● TASK OBJECTIVE
Using the listing that follows, report how many lines include the word "plus", and add no other words.

● DATASET EXCERPTS
>>
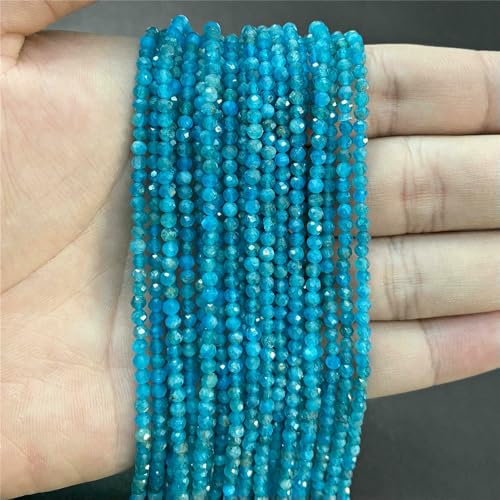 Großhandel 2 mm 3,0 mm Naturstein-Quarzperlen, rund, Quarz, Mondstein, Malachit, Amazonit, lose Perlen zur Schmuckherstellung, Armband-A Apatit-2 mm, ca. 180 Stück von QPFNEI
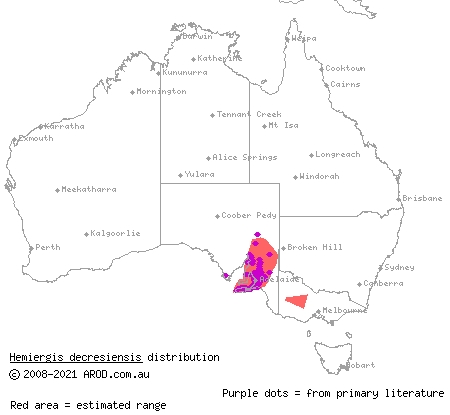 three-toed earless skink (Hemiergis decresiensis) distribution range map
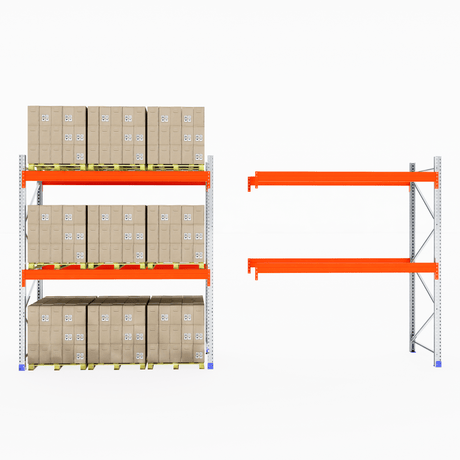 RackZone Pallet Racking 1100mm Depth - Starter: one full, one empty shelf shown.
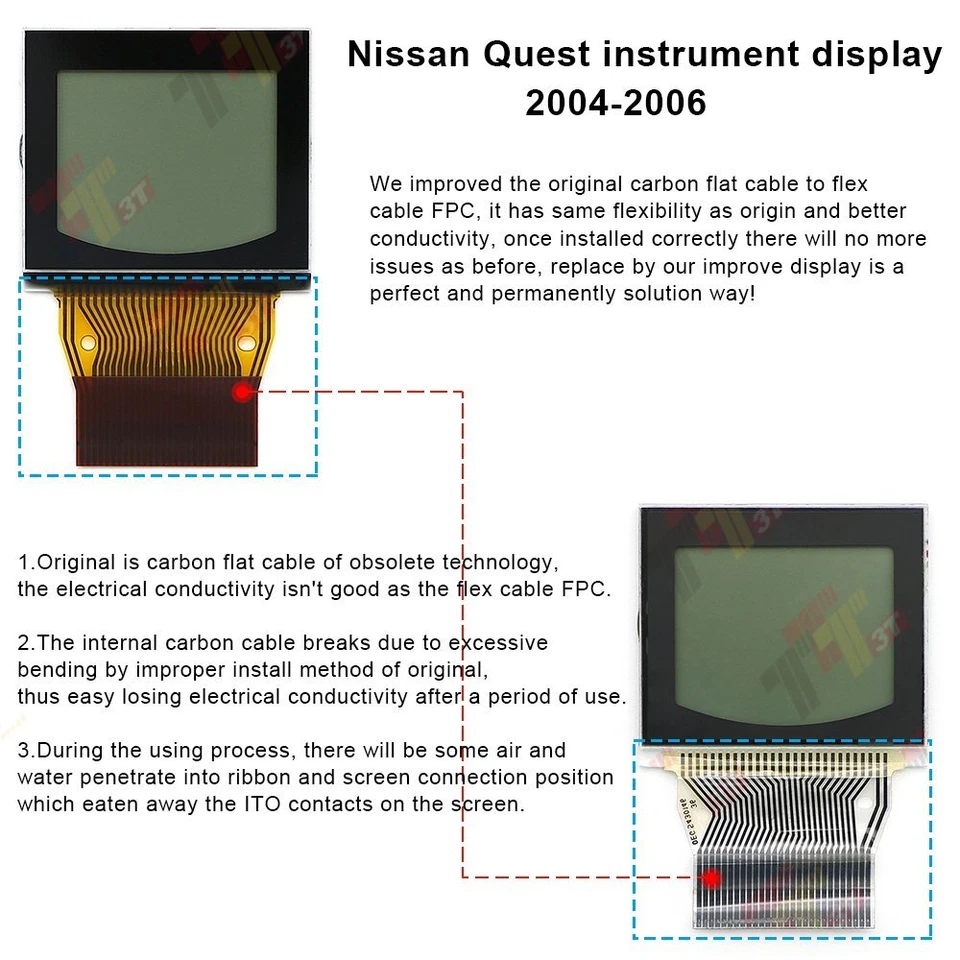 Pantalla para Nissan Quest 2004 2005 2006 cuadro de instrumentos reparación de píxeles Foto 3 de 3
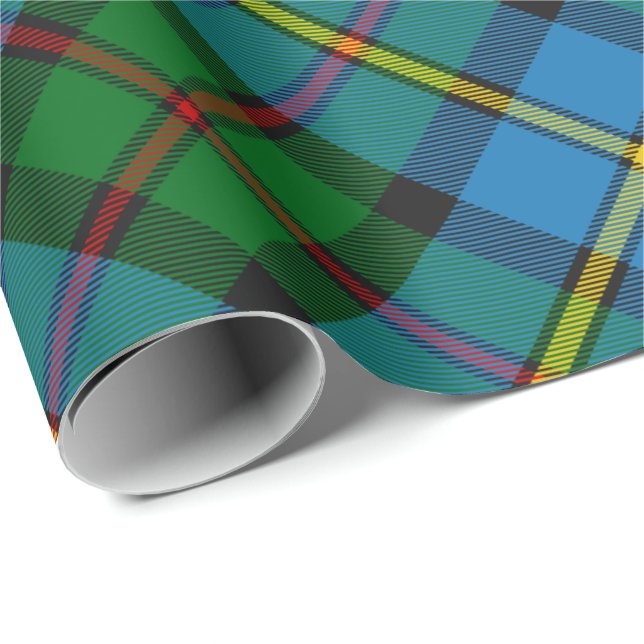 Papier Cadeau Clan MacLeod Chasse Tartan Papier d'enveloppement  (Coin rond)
<<
>>
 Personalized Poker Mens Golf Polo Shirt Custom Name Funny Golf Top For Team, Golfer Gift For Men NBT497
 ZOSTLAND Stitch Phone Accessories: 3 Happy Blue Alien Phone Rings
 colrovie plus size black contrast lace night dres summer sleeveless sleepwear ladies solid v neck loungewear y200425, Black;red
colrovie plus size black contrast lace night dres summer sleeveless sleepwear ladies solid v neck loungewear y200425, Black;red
<<
>>
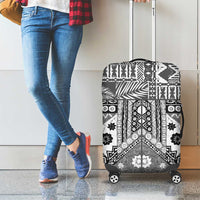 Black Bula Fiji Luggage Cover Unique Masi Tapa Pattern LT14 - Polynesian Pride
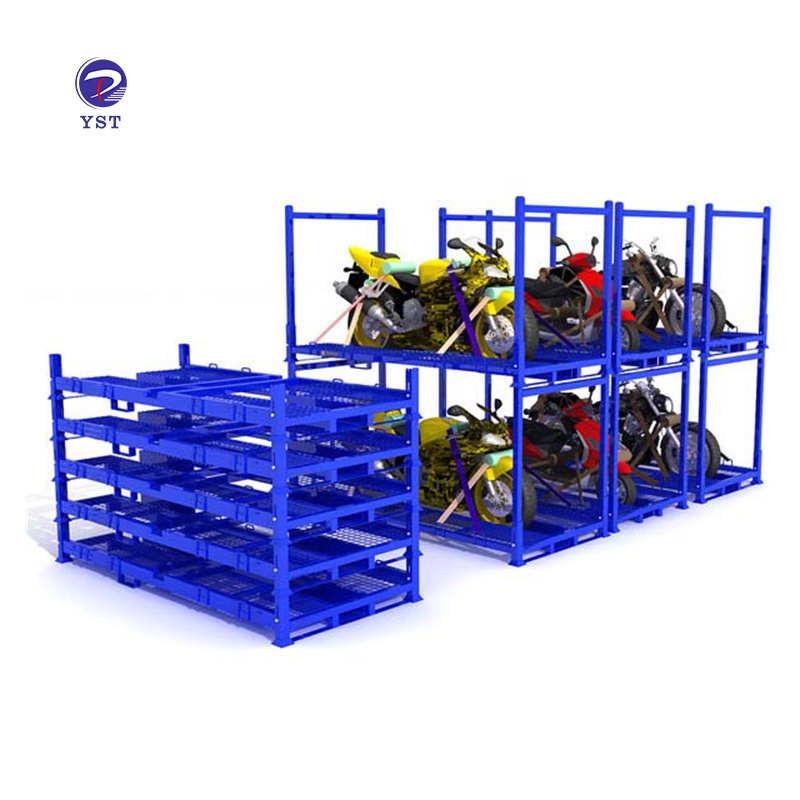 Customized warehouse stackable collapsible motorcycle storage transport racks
<<
● EXERCISE SOLUTION
2